Critiquant à mots à peine couverts la politique de Lagos face à Boko Haram, ses voisins et alliés tchadien, camerounais et nigérien ont décidé d'organiser eux-mêmes leur riposte contre les islamistes armés, sur fond de défiance envers le pouvoir nigérian.
Les quatre Etats - qui se partagent les eaux du lac Tchad, sur les rives duquel sévit Boko Haram - ont pourtant formé officiellement une alliance militaire qui devait se concrétiser en novembre dernier par la réactivation d’une force régionale pour combattre les islamistes nigérians. Aujourd’hui, une telle force ne semble plus être à l’ordre du jour, surtout depuis la prise début janvier de la localité nigériane de Baga, au bord du lac, par Boko Haram.
Selon Amnesty International, cette attaque - qualifiée de crime contre l’Humanité par le sécrétaire d’Etat américain John Kerry - est "la plus grande et la plus destructrice" jamais perpétrée par le groupe armé depuis le début de son insurrection en 2009, qui depuis a fait plus de 13.000 morts et 1,5 million de déplacés. L’armée nigériane entendait faire de cette ville un des principaux points d’appui de la force régionale.

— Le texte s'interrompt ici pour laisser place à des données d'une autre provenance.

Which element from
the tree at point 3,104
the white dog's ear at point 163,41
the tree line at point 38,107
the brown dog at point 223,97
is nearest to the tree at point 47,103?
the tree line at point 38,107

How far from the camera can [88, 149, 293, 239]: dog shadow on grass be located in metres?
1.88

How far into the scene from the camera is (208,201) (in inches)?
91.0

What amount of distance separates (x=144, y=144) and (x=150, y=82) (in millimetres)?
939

De petits détachements des pays voisins y étaient présents de longue date dans le cadre de la coopération régionale. Mais les pays voisins du Nigeria ne l’entendent pas ainsi et ne veulent pas déployer directement leurs troupes au milieu des bastions de Boko Haram. "La situation la plus préoccupante pour nous aujourd’hui c’est le Nigeria, c’est la situation de Boko Haram", expliquait au lendemain de la chute de Baga le ministre nigérien de la Défense Karidjo Mahamadou, ajoutant : "depuis novembre nous n’étions plus à ce poste-là, nous avons expliqué aux Nigérians que nous ne pouvions pas rester parce que nous n’avons pas envie de mettre la vie de nos militaires en danger".

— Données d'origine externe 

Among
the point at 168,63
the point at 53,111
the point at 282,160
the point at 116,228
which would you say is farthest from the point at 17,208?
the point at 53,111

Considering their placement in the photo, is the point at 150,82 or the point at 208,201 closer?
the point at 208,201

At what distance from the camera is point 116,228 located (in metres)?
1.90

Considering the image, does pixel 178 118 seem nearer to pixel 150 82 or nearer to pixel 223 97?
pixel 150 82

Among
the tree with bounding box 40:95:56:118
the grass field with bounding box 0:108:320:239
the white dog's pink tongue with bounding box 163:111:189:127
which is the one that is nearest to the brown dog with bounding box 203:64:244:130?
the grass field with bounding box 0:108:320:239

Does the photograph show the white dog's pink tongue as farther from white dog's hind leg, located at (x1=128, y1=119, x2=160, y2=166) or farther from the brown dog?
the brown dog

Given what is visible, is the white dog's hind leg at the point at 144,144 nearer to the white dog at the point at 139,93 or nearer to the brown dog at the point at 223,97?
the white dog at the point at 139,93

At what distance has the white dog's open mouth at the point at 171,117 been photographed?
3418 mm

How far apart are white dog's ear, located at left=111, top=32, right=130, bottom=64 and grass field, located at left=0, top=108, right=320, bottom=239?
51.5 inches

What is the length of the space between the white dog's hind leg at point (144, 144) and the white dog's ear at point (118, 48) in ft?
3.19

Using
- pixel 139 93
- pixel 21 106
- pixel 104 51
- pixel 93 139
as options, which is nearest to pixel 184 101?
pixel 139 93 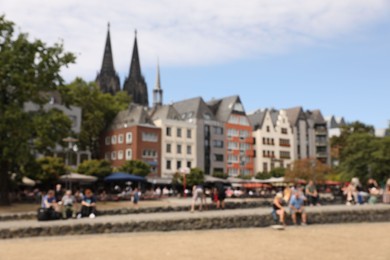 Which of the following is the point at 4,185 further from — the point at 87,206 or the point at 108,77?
the point at 108,77

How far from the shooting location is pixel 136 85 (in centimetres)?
12988

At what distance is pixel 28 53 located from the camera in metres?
33.8

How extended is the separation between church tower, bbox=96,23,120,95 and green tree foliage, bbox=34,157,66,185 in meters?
82.4

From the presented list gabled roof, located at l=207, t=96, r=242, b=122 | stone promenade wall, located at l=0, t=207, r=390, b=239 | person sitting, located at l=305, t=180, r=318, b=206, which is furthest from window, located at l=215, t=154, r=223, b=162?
stone promenade wall, located at l=0, t=207, r=390, b=239

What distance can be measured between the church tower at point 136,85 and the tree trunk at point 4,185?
94116 millimetres

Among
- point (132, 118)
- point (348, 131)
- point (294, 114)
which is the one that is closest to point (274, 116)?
point (294, 114)

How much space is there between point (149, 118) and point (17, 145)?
152 ft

Le Cameroun, deuxième front de Boko Haram, ne veut pas non plus envoyer aux troupes en permanence au Nigeria et était également opposé à l’option Baga, située en pleine zone de conflit, selon des sources sécuritaires à Yaoundé. Le président Paul Biya - qui a annoncé jeudi soir que le Tchad allait envoyer des troupes combattre aux côtés de l’armée camerounaise - défend l’idée d’un échanges d’informations permettant des interventions coordonnées, mais chacun sur sa partie du lac Tchad, selon ces mêmes sources. Depuis des mois, Yaoundé se plaint en outre amèrement du peu de combativité de l’armée nigériane et de désertions en masse face aux islamistes de Boko Haram.
"Les soldats nigérians désertent leurs positions en abandonnant leurs armes. Ce sont avec leurs armes que nous sommes attaqués", accusait encore en début de semaine un responsable militaire camerounais, témoignant de la défiance entre alliés. Au Tchad, qui considère que ses "intérêts vitaux" sont désormais en jeu face à la progression des islamistes, la tonalité n’est guère différente.

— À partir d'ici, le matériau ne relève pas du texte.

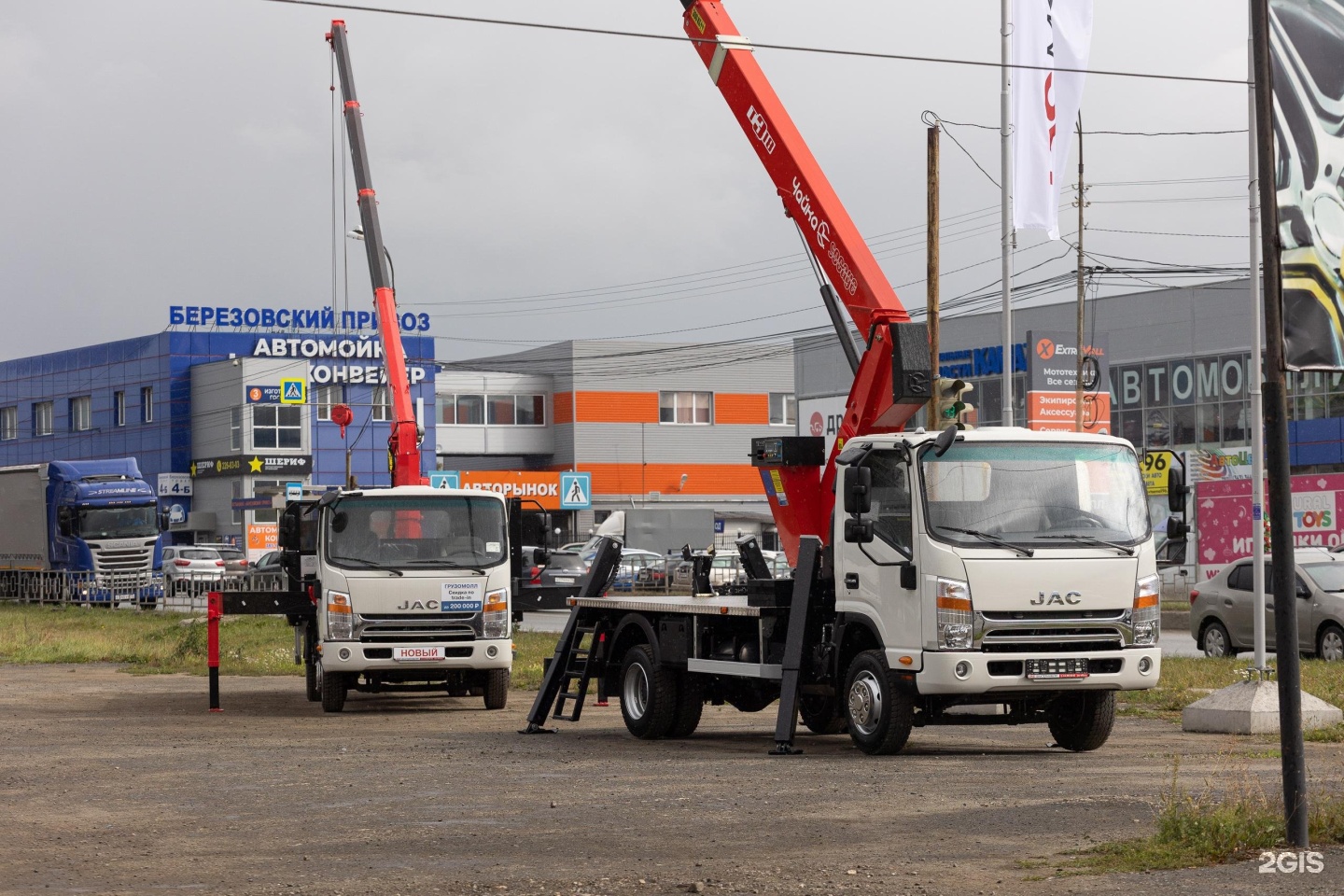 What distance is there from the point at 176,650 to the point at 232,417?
52.4m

Concernant Baga, "le retrait des forces tchadiennes et nigériennes s’expliquent par le fait qu’une évaluation faite sur le terrain ne permettait aux Tchadiens et aux Nigériens d’accomplir leur mission avec l’armée nigériane", dit sous couvert d’anonymat un officiel tchadien, ajoutant : "il y a une sorte de suspicion et l’armée nigériane ne donne pas l’impression de collaborer". La période pré-électorale au Nigeria - la présidentielle se tient dans moins d’un mois - accentue encore chez ses voisins le climat de suspicion, voire les soupçons de double-jeu.
"Le Nigeria est un pays extraordinairement complexe", rappelait récemment à l’AFP un responsable militaire occidental, ajoutant : "Boko Haram, c’est particulier" parmi les mouvements jihadistes. Le groupe joue sur les multiples enjeux de pouvoir au sein du pays le plus peuplé du continent. Sur la traditionnelle division entre le nord majoritairement musulman et le sud majoritairement chrétien, dans un pays à l’histoire violente. Mais aussi sur les enjeux politiques et financiers locaux - avec leurs cortèges de rivalités et d’ambitions - dans les Etats de la fédération.